DIRECTIONS:
What is needed is an exact reproduction of the lines from the one that contains "2021 JEEP WRANGLER U - Фото 4" through the end of the data, both included and nothing else, with pictures omitted.
::: PROVIDED DATA :::
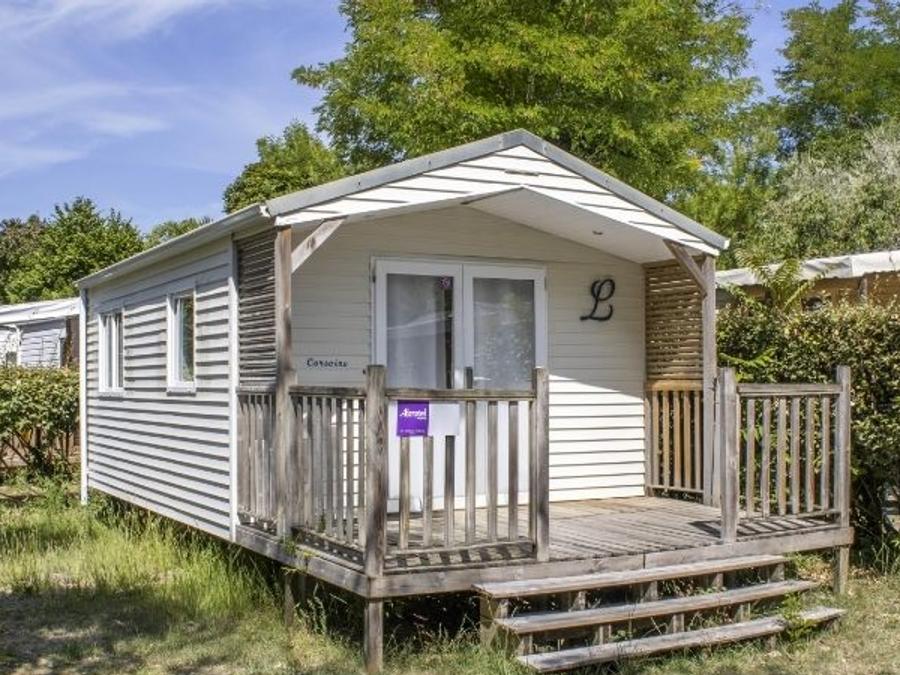 Mobilhome 2 personnes - Mobile-Home ROUSSEROLLE**** 2 personnes 0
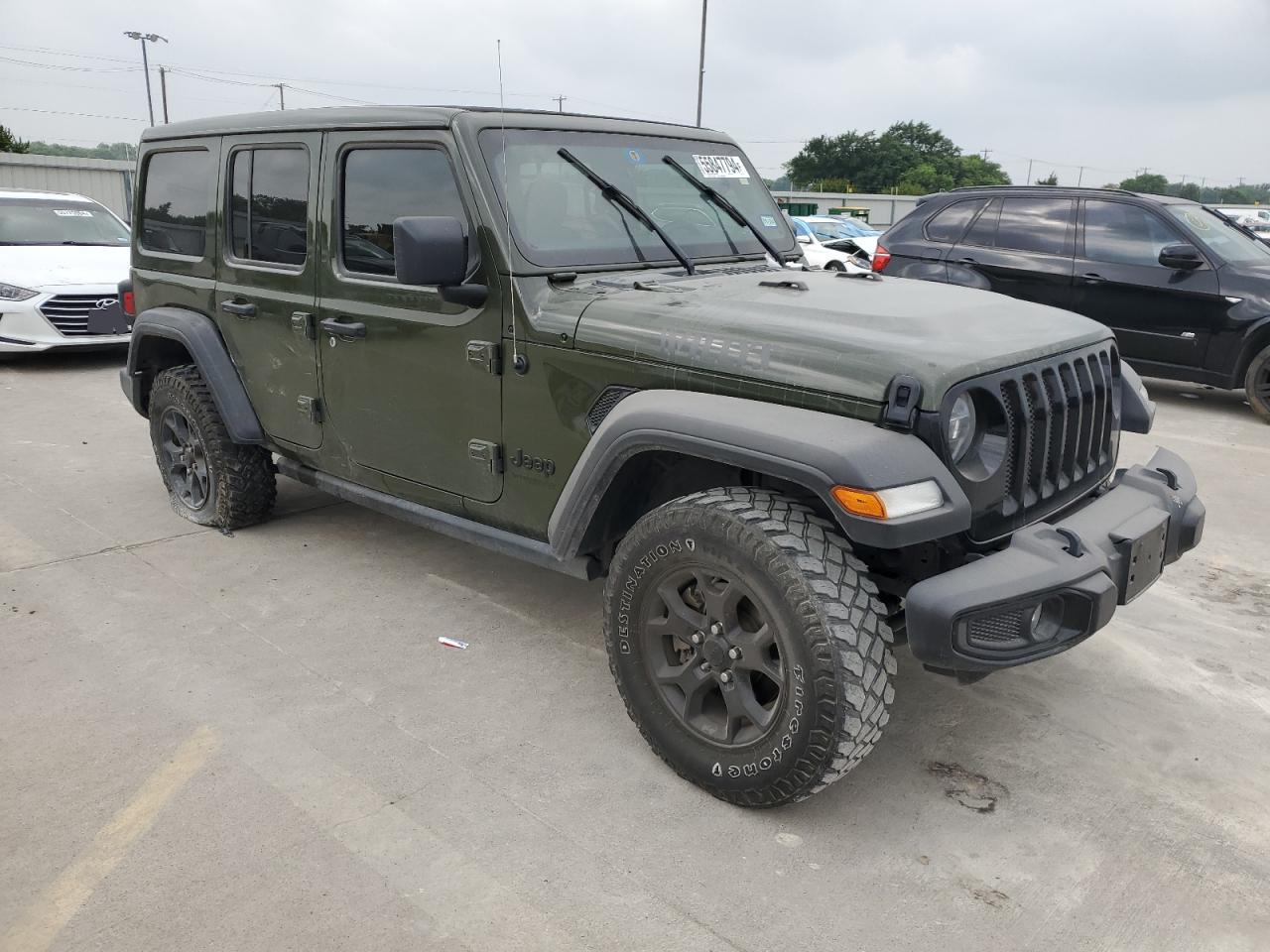 2021 JEEP WRANGLER U - Фото 4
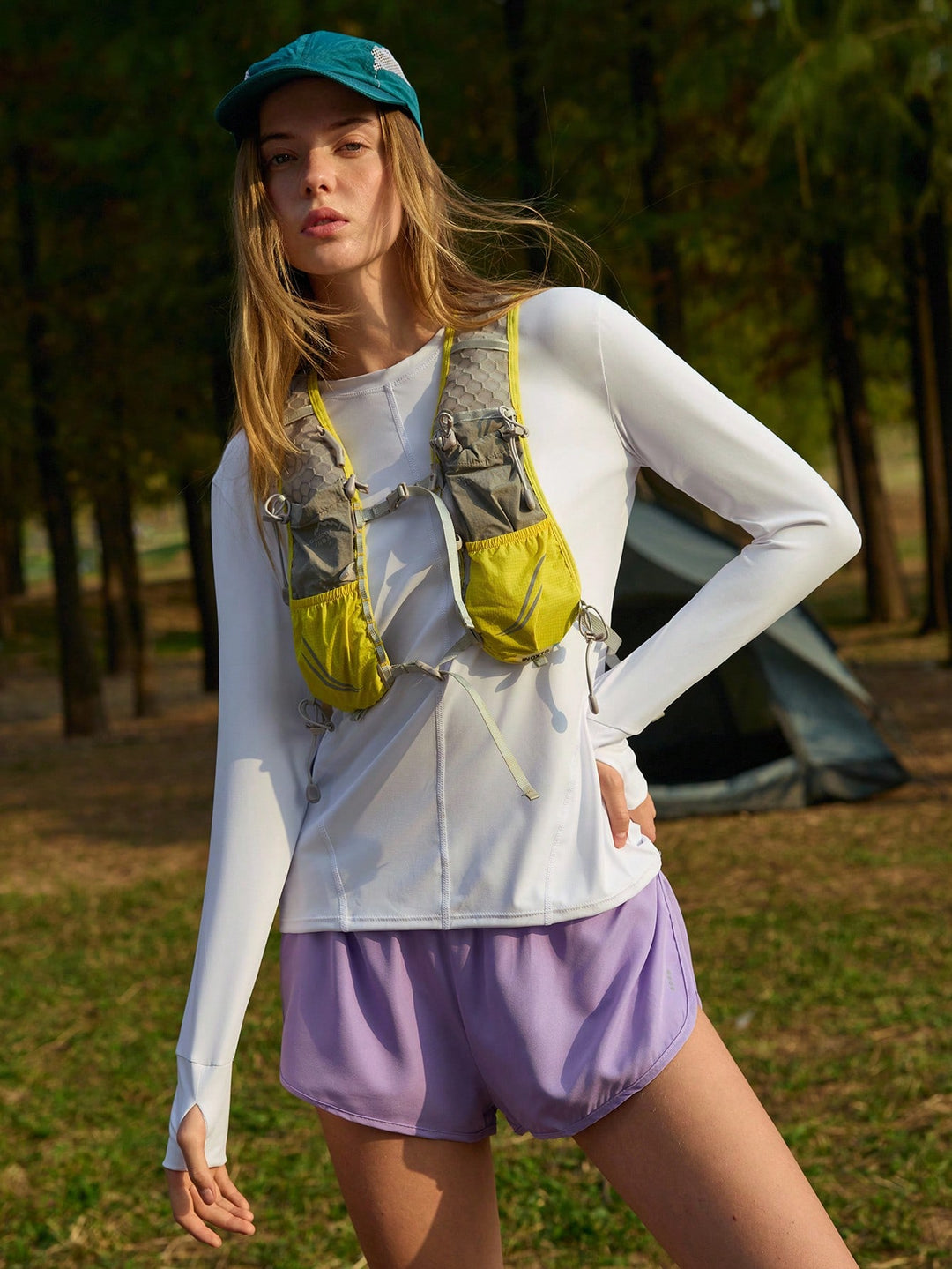 Tricou sportiv SHEIN, alb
:::
TASK RESULT:
 2021 JEEP WRANGLER U - Фото 4
 Tricou sportiv SHEIN, alb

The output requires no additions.